What Is the HUD?
The Department of Housing and Urban Development (HUD) is a U.S. government agency created in 1965 to support the housing market and homeownership. HUD does this byimproving affordable homeownership opportunities, increasing safe and affordable rental options, reducing chronic homelessness, fighting housing discrimination by ensuring equal opportunity in the rental and purchase markets and supporting vulnerable populations.
- The Department of Housing and Urban Development (HUD) is a U.S. government agency that supports community development and homeownership.
- HUD enforces the Fair Housing Act and offers housing assistance through the Community Development Block Grant and the Housing Choice Voucher program.
- The Fair Housing Act prevents discrimination in housing based on sex, race, color, national origin, and religion.
HUD enforces the Fair Housing Act and oversees the Community Development Block Grant and the Housing Choice Voucher program. HUD also supervises other programs to assist low-income and disadvantaged Americans with their housing needs. Following Hurricane Katrina, HUD became involved in disaster recovery in the Gulf Coast region. HUD works with other government agencies and private organizations to reach its goals including community nonprofits and faith-based groups.
The Fair Housing Act prevents discrimination in housing based on sex, race, color, national origin, and religion.

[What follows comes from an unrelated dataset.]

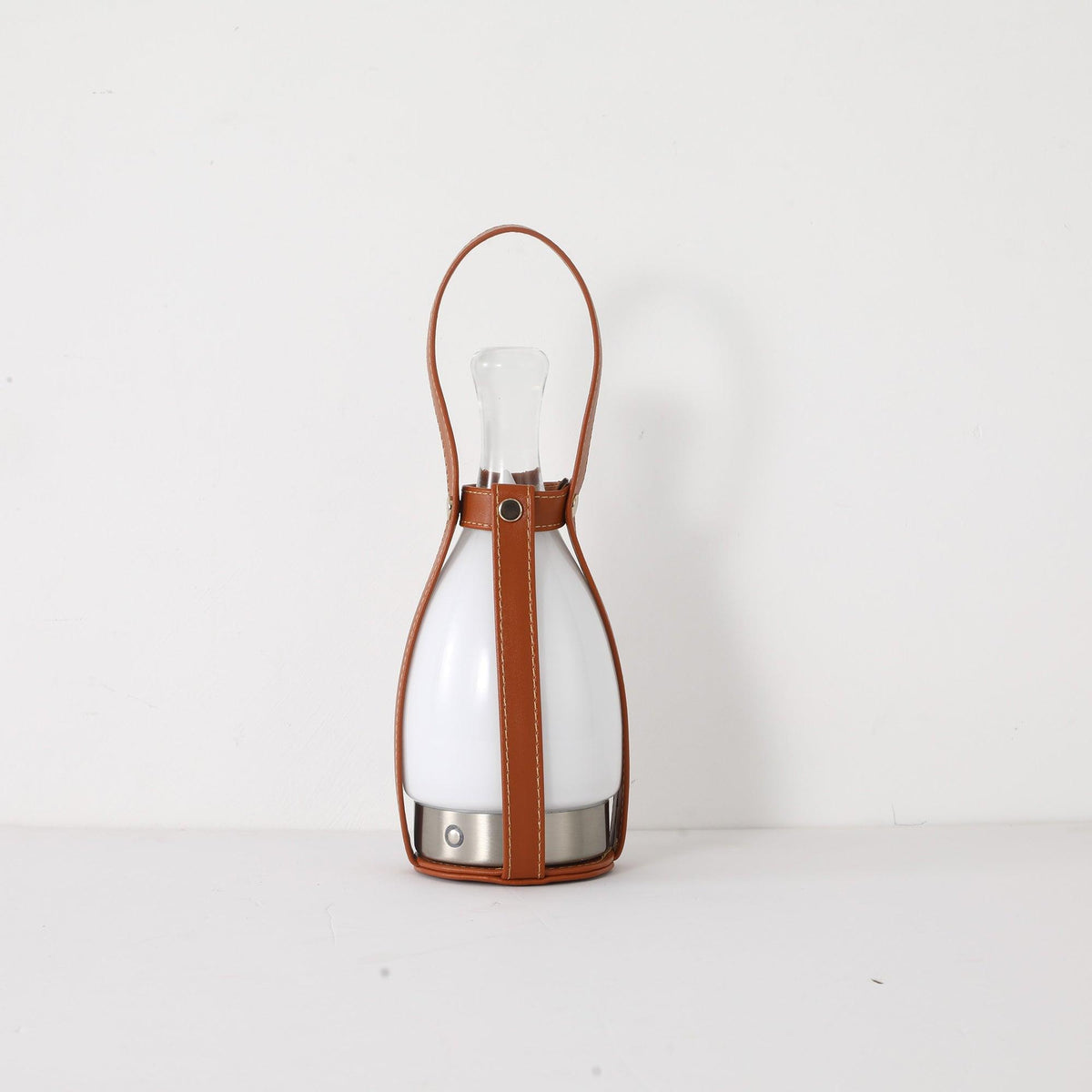 Bell Portable Battery Table Lamp - view 9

HUD investigates any cases concerning the refusal to rent or sell a property, denying someone a dwelling, falsely stating that properties are unavailable, and imposing different terms or conditions based on any of the aforementioned discriminating conditions.
Types of HUD Assistance Programs
HUD offers various assistance programs for those in need of housing financial assistance.

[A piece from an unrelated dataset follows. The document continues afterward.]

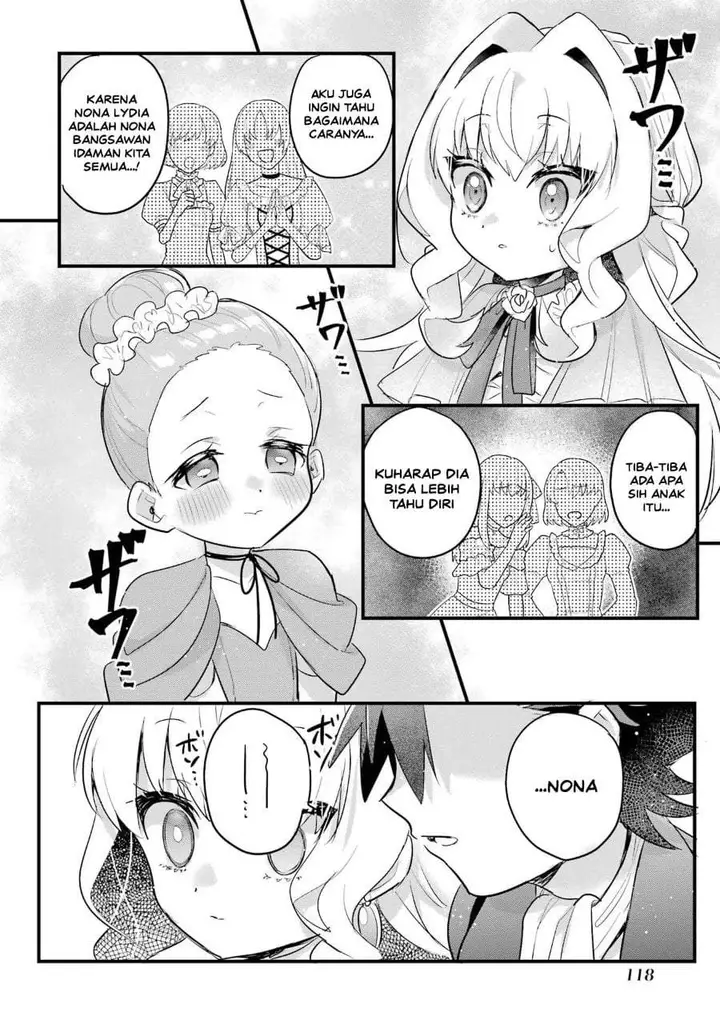 image-komik-otome-game-no-mob-desura-naindaga-chapter-19-36/53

The Community Development Block Grant program allocates federal grant money to communities to develop neighborhoods that have decent, affordable housing. These grants typically aid low- and middle-income residents so they can find suitable living environments near employers, supermarkets, or public transportation. States, cities, towns, communities, and organizations apply for these block grants or for loan guarantees to aid in development projects.
The Housing Choice Voucher program, also called Section 8, allows low-income, disabled, or elderly citizens to choose a place to live regardless of whether the property exists as subsidized housing. The property must meet certain requirements, and applicants need to meet government standards to qualify.

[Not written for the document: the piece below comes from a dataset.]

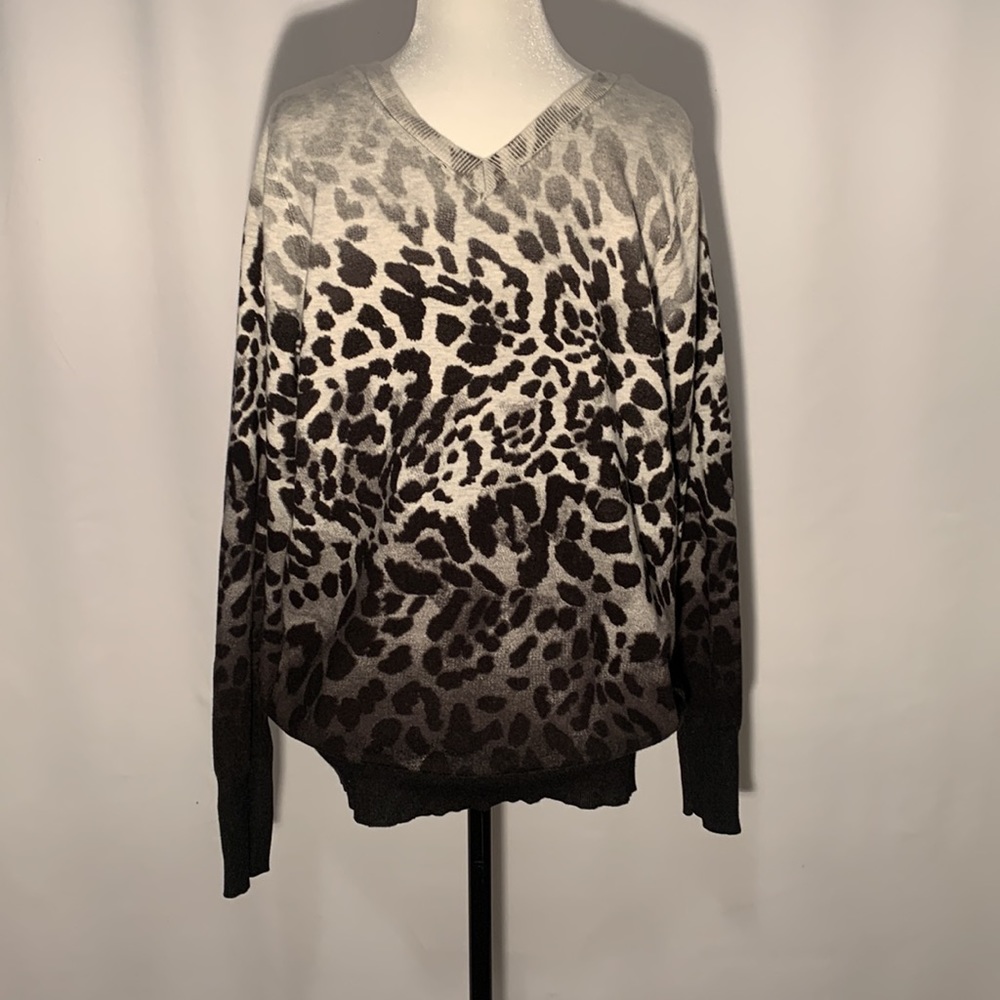 Lane Bryant Size 14/16 - Picture 5 of 9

Local public housing authorities determine a moderately priced housing option based on local real estate prices before deciding the benefits that families or individuals can receive. Families then seek out a housing unit for the number of people that will live in the house, duplex, or apartment.
Local public housing agencies (PHAs) funded by HUD administer the vouchers. A family that is issued a housing voucher must find housing where the owner agrees to rent under the program. The rental unit must meet standards of health and safety that are determined by the PHA.
The PHA pays the subsidy directly to the landlord on behalf of the tenant. The tenant pays the difference between the actual rent charged by the landlord and the amount subsidized by the program. HUD states that to be eligible for the voucher program, the tenant's income may not exceed 50% of the median income for the area.
Families can move from one housing unit to another because of income changes, job status, or the addition of family members. The voucher program attempts to allow for mobility without losing housing benefits. Beneficiaries with vouchers sign leases with property owners with this program. With subsidized housing, residents sign leases with property managers who oversee federally owned projects.